§ **YOUR GOAL**:
Extract every line between the one with "Азбука умственного труда" and the end of the entries, both included, word for word and free of pictures.

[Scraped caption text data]
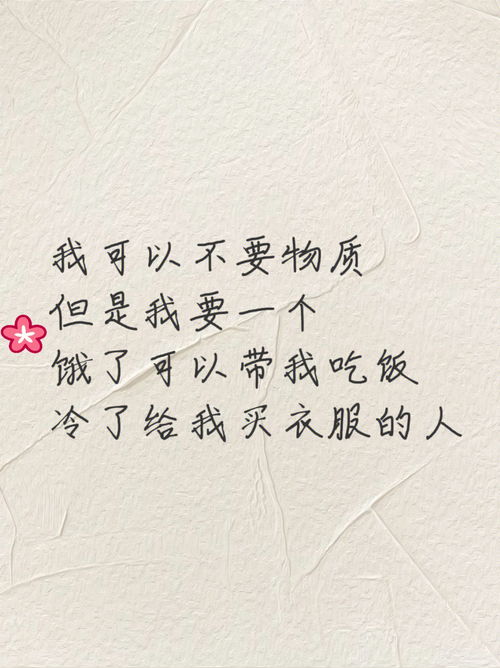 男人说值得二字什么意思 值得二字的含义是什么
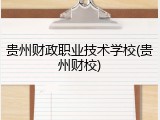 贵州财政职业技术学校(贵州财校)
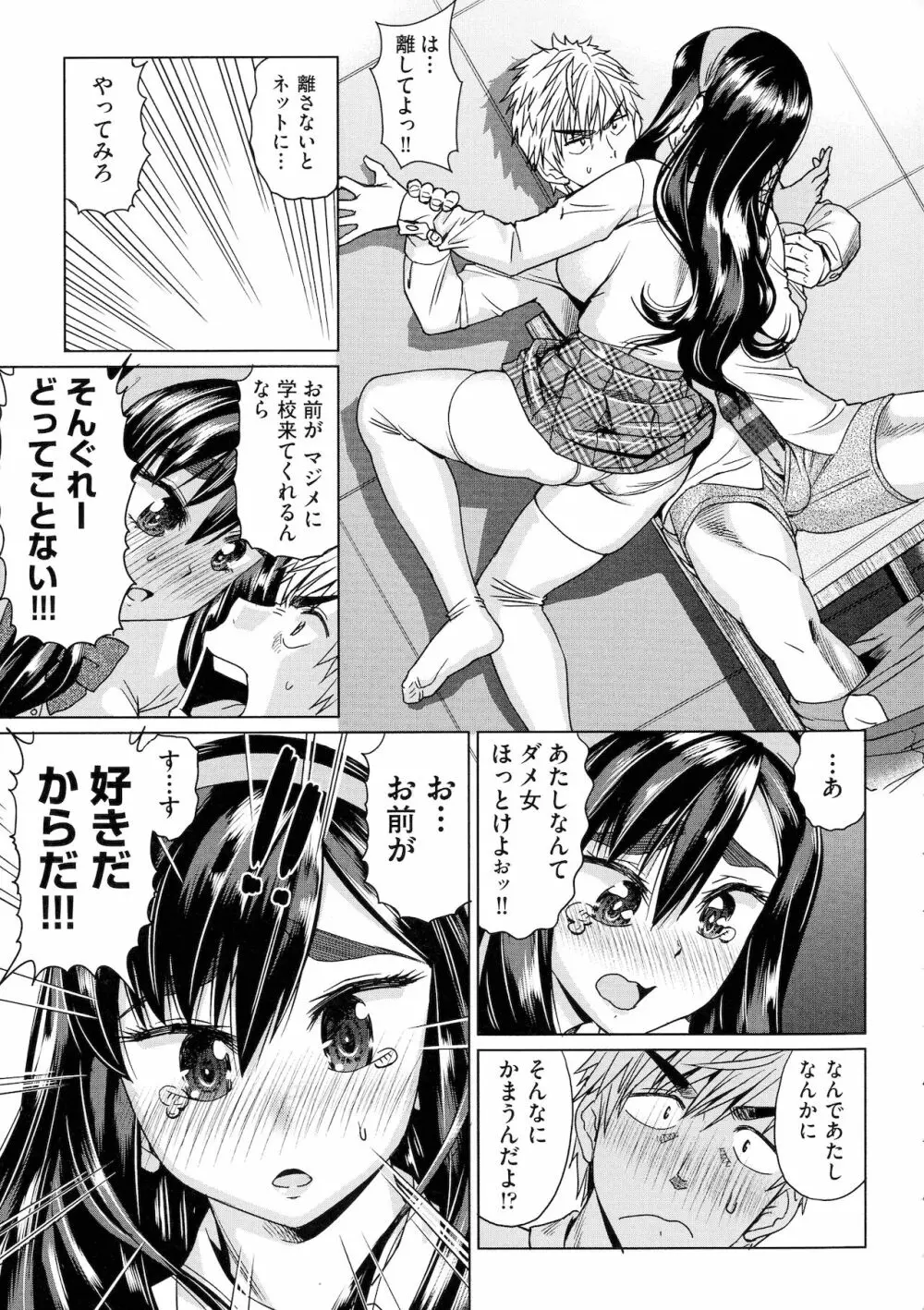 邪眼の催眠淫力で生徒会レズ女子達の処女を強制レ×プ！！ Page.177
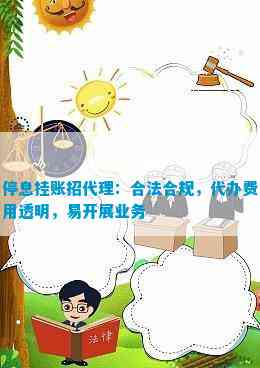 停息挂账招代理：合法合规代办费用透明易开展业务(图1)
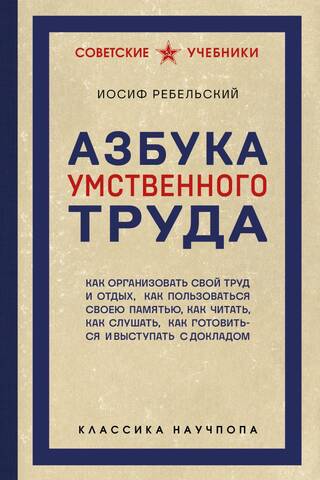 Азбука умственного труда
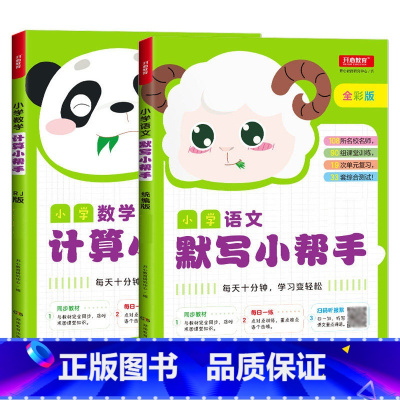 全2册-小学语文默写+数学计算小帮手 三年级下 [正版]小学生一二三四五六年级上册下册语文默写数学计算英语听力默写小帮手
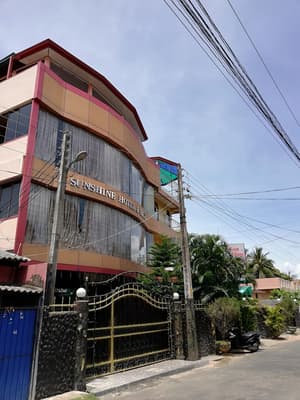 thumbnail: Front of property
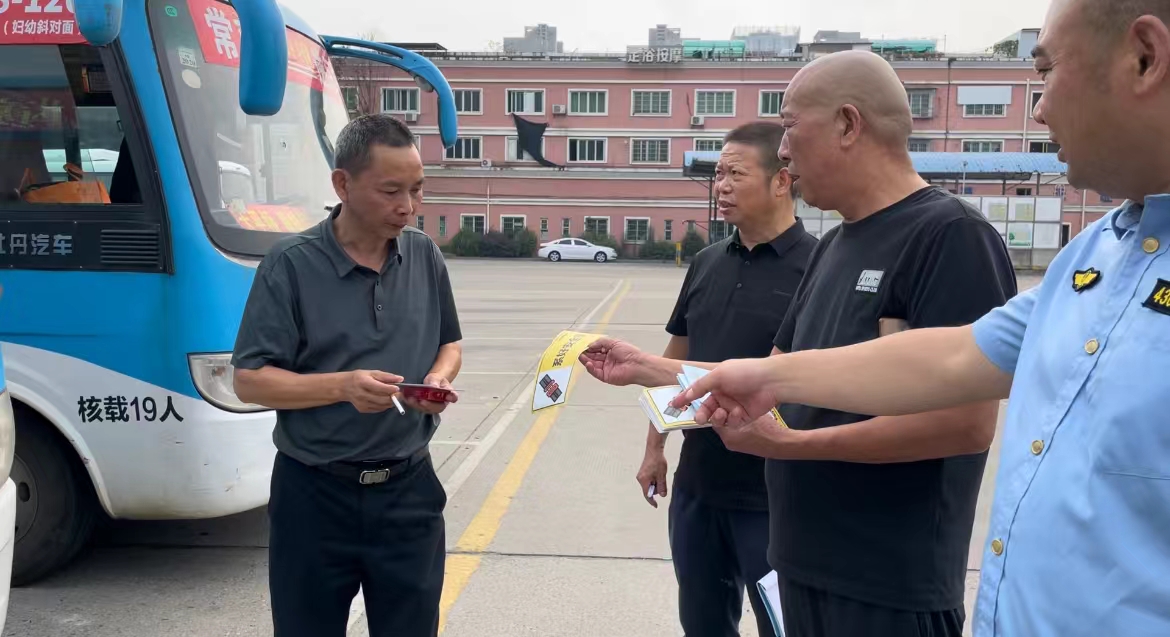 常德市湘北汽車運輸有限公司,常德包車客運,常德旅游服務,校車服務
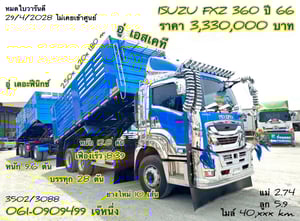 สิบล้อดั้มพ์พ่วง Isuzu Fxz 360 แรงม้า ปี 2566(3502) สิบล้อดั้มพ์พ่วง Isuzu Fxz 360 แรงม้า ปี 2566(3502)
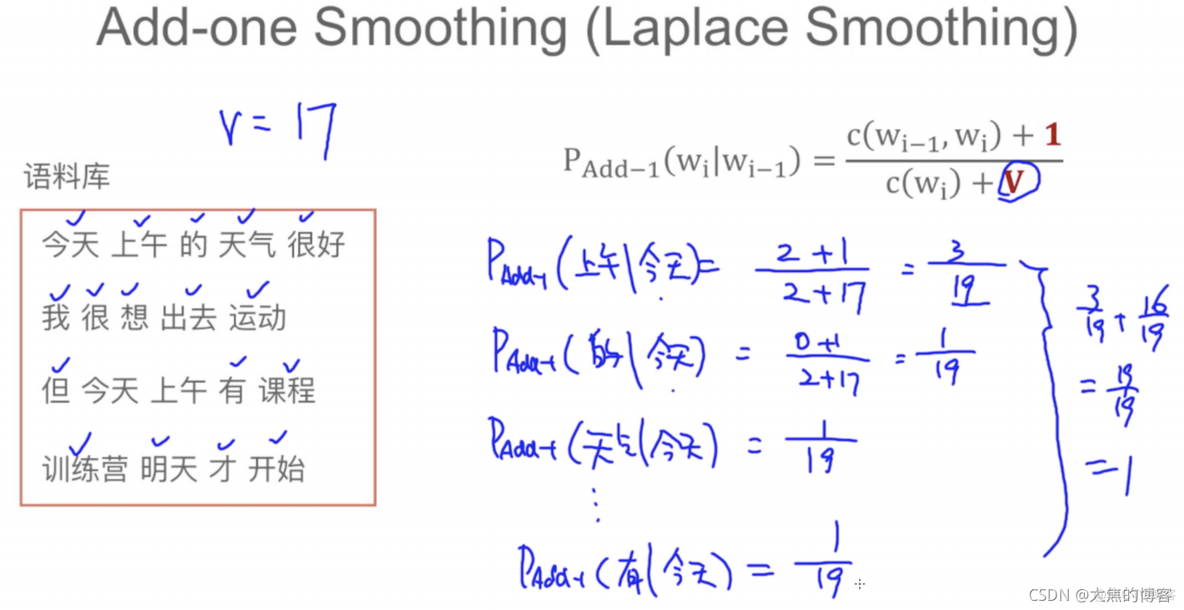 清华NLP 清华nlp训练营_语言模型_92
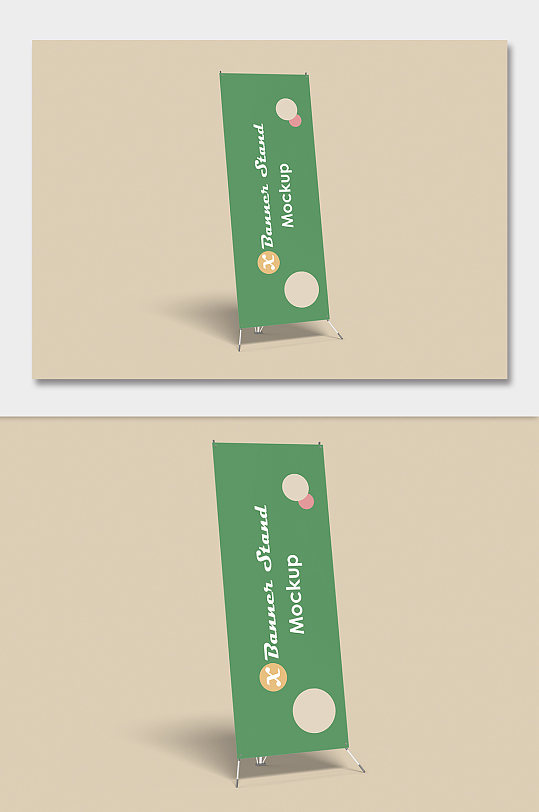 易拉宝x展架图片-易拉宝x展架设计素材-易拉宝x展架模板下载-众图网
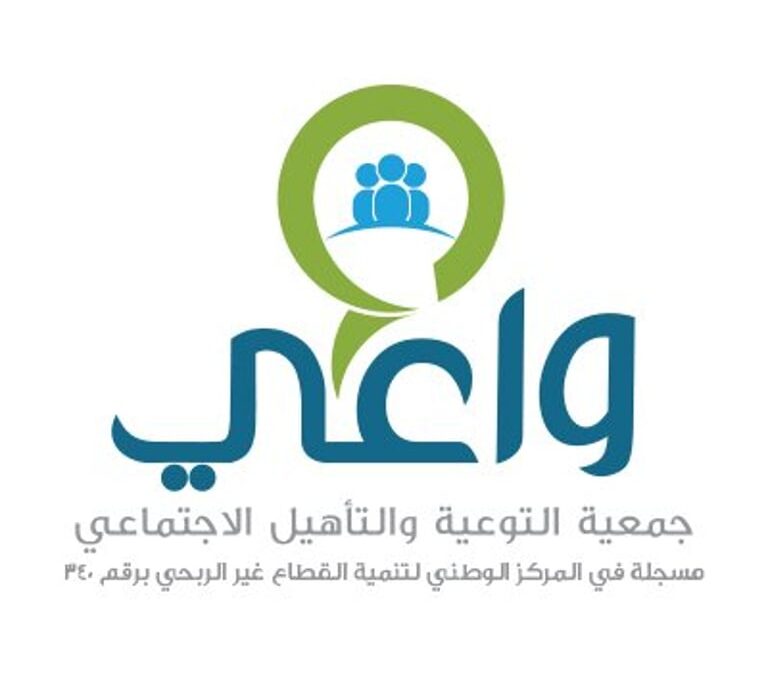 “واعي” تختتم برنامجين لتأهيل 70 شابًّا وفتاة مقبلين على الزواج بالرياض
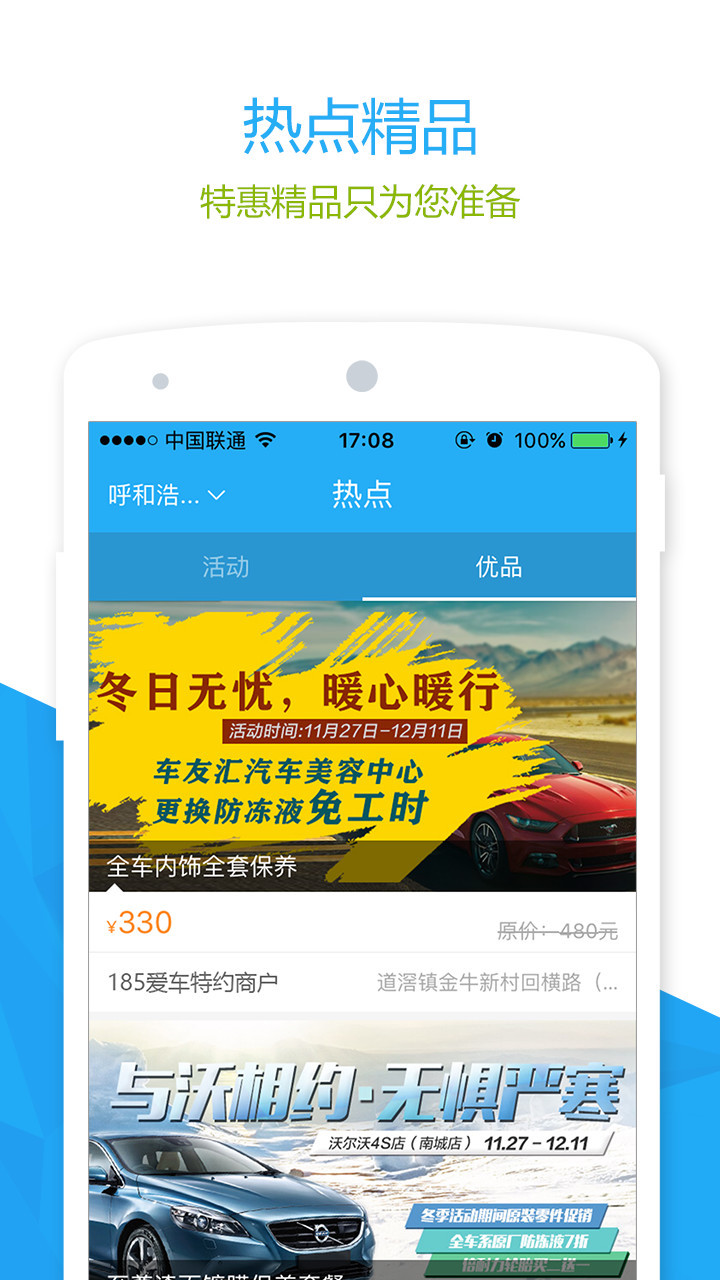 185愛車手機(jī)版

§ **ANSWER TO THIS PROBLEM**:
 Азбука умственного труда
 全2册-小学语文默写+数学计算小帮手 三年级下 [正版]小学生一二三四五六年级上册下册语文默写数学计算英语听力默写小帮手
 thumbnail: Front of property
 常德市湘北汽車運輸有限公司,常德包車客運,常德旅游服務,校車服務
 สิบล้อดั้มพ์พ่วง Isuzu Fxz 360 แรงม้า ปี 2566(3502) สิบล้อดั้มพ์พ่วง Isuzu Fxz 360 แรงม้า ปี 2566(3502)
 清华NLP 清华nlp训练营_语言模型_92
 易拉宝x展架图片-易拉宝x展架设计素材-易拉宝x展架模板下载-众图网
 “واعي” تختتم برنامجين لتأهيل 70 شابًّا وفتاة مقبلين على الزواج بالرياض
 185愛車手機(jī)版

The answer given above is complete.